Change From Baseline in Circumference of Affected Ankle (Swelling) as Measured by Figure of Eight Method on Days 3, 5 and 8	Baseline and Days 3, 5 and 8	Each participant was seated comfortably in a long sitting position with both feet extended beyond the end of the plinth in a slight dorsiflexion position. The Figure of Eight Method was applied to both feet and the tape measure was wrapped around the ankle along the following course: the beginning of the tape was placed midway between the tibialis anterior tendon and lateral malleolus and was then continued across anatomically defined points in the form of a figure of eight around the ankle joint. The tape localization of the first measurement was marked with an appropriate marker. Each ankle was measured three times and the average was calculated. Change from Baseline in circumference on Days 3, 5 and 8 was calculated by subtracting the Baseline value from the Day 3, Day 5 and Day 8 values respectively.
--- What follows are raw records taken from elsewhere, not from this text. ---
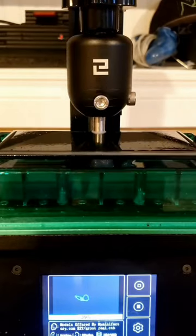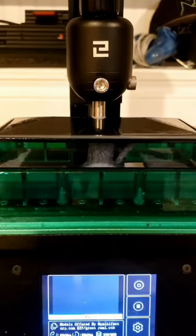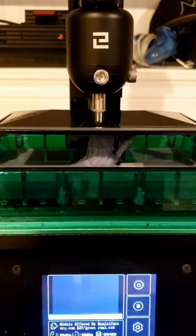Welcome back — today we are resin printing Groot. I've seen his STL files everywhere and I have wanted to print him for a while now.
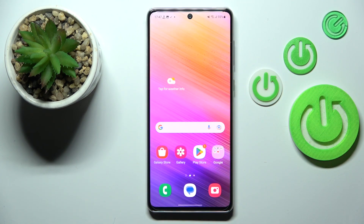So basically that's all. This is how to set the gestures in your Samsung Galaxy A73. Thank you so much for watching. I hope that this video was helpful and if it was, please hit the subscribe button and leave a thumbs up.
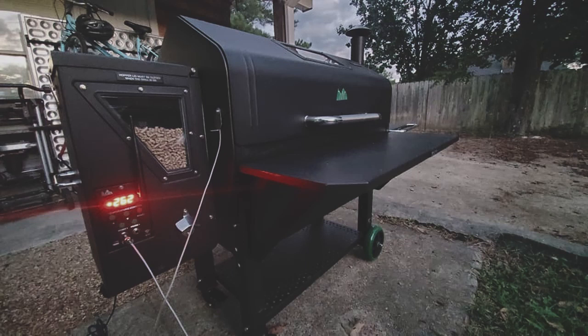I just got through adding a little bit of lava lock around the lid to see if we can get the pellet chewing down and make it a little bit more efficient. And that seems, to my opinion, to have worked so far. Looking forward to more upgrades.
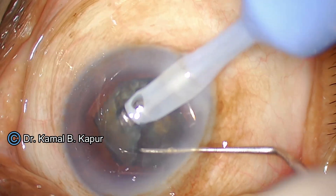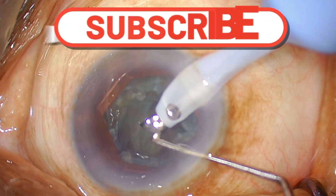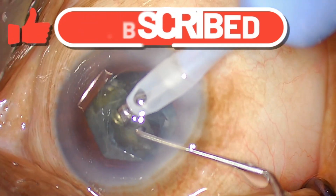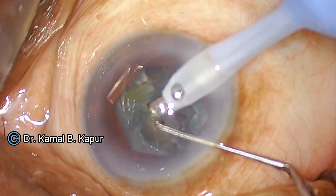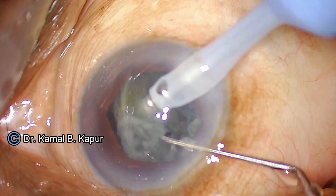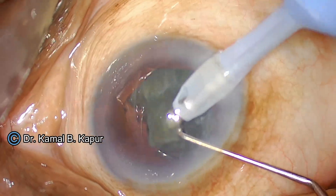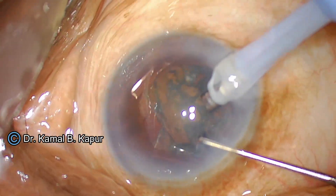This being a sticky and soft cataract is giving some trouble, but nevertheless I have created small wedges and will finally try to hold one of the wedges and flip the cataract into the anterior chamber. From now I will just fast forward the video — you will see I have managed to flip the whole cataract into the anterior chamber and the cataract aspiration is nearly over.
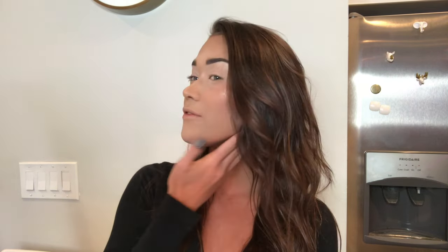Hey everybody, welcome back to my channel. Yesterday was October 1st, so that means we're doing Halloween makeup again. I think I'm going to be posting mostly Halloween makeup videos this month, just to get in the spirit of it, and to give you guys some ideas if you want to do anything for Halloween. If you decide to recreate any of these looks, make sure you tag me on Instagram.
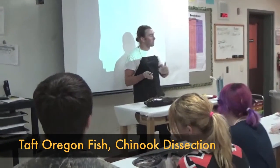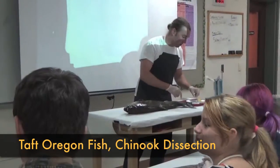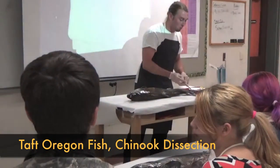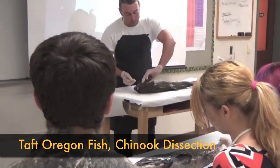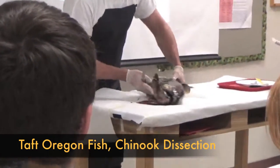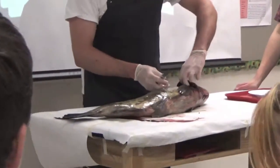Gills. We're going to work our way from the gills into the insides of the salmon. You're going to take one of your knives and you're going to open up the gills here.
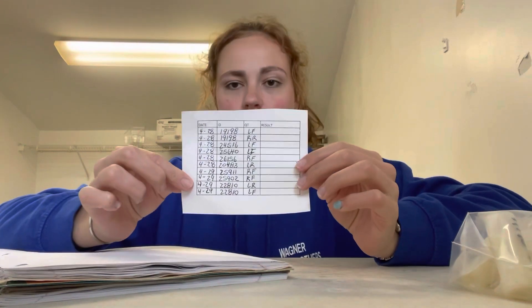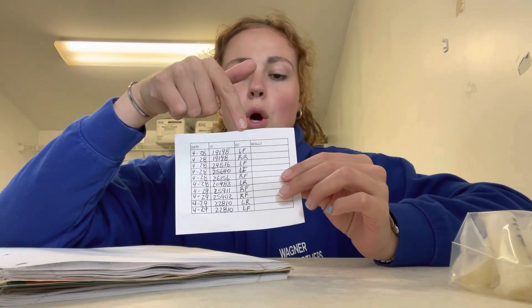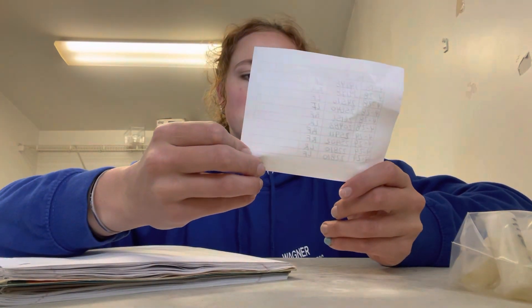The first thing I like to do is take my notebook where I keep all the records, and I write down each cow's number in the notebook, and then this code — so LF would be left front quarter of the udder, so like her left front teat, RR is right rear, and that just basically tells the herdsman which section of the udder the mastitis is in. So I'm going to write that all into my notebook.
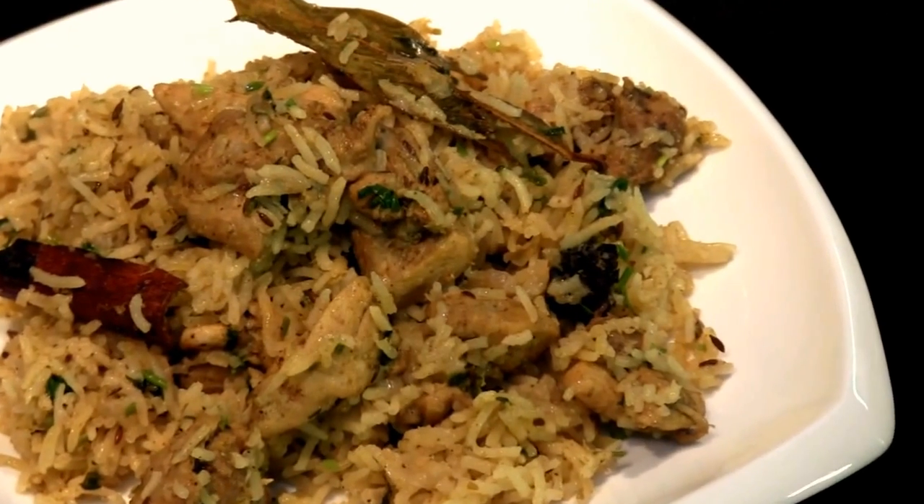Hi, welcome to ShowMeTheCurry.com. I'm Anuja and I'm Hidal. Today we're making a very simple chicken pulao.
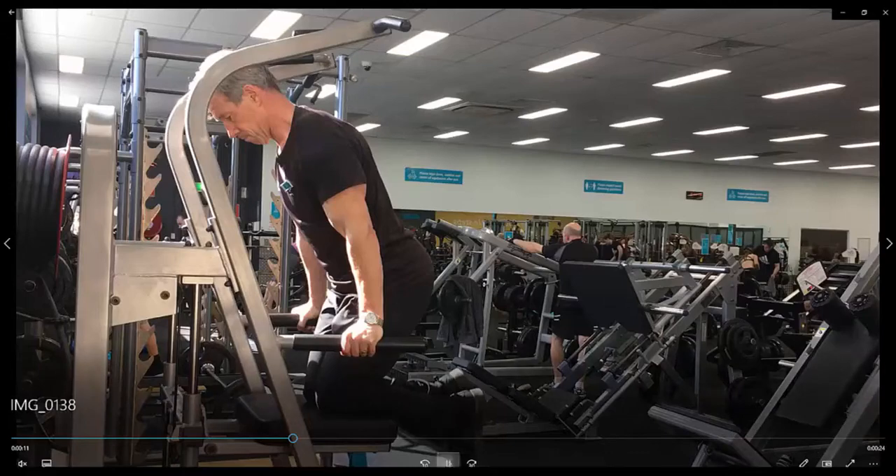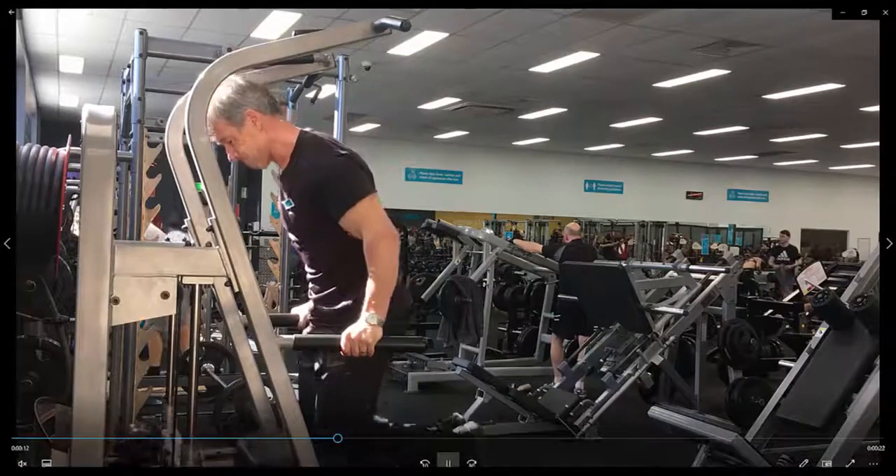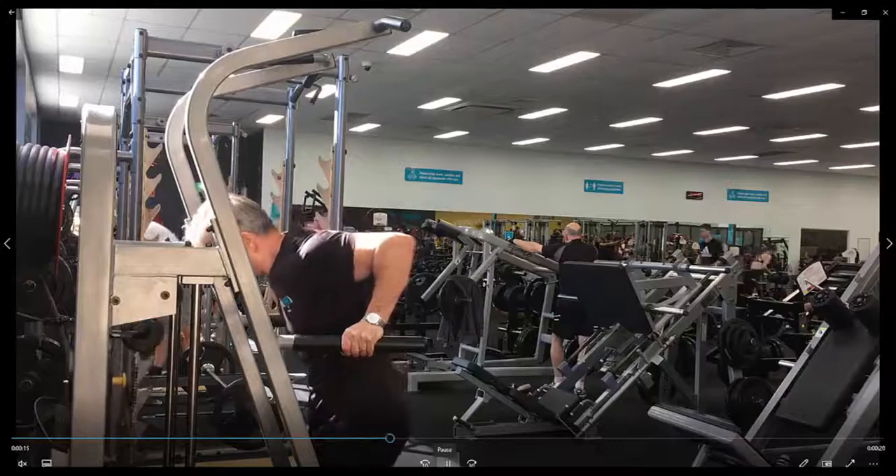From this position, you'll slowly resist down, force the elbows in and power up.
Total Pain Relief (TOTPAR) From 0 to 24 Hours Post First Dose (Day 1) and From 96 to 120 Hours Post First Dose (Day 5)	0 to 24 hours (Day 1) and 96 to 120 hours (Day 5) post first dose	Pain relief was assessed in the diary on a categorical scale ranging from 0 to 4, where 0 = no relief, 1 = a little relief, 2 = some relief, 3 = a lot of relief, 4 = complete relief. A higher value indicates greater pain relief. Pain relief was assessed at Baseline (immediately prior to first dose) and every 2 hours (after starting study product) until the participant went to bed on the evening of Day 1. The same assessment and recording frequency were also followed starting with the first dose on Day 5.
Mean Number of Rescue Medication Tablets Used to Treat Ankle Pain	Up to Day 8	Participants were instructed to take only the rescue medication provided for pain in the ankle or any other pain (for example, headache) or fever (for example, due to common cold) they experienced during the trial. One tablet was taken, repeated after at least 4 hours, if needed, up to a maximum of 2000 milligram (mg) (4 tablets) per day. No rescue medication was allowed within 6 hours prior to the study visits or within 12 hours of study Visit 3.
Number of Days on Which Rescue Medication Was Used to Treat Ankle Pain	Up to Day 8	Data was not estimable as end date data for rescue medication use was not collected.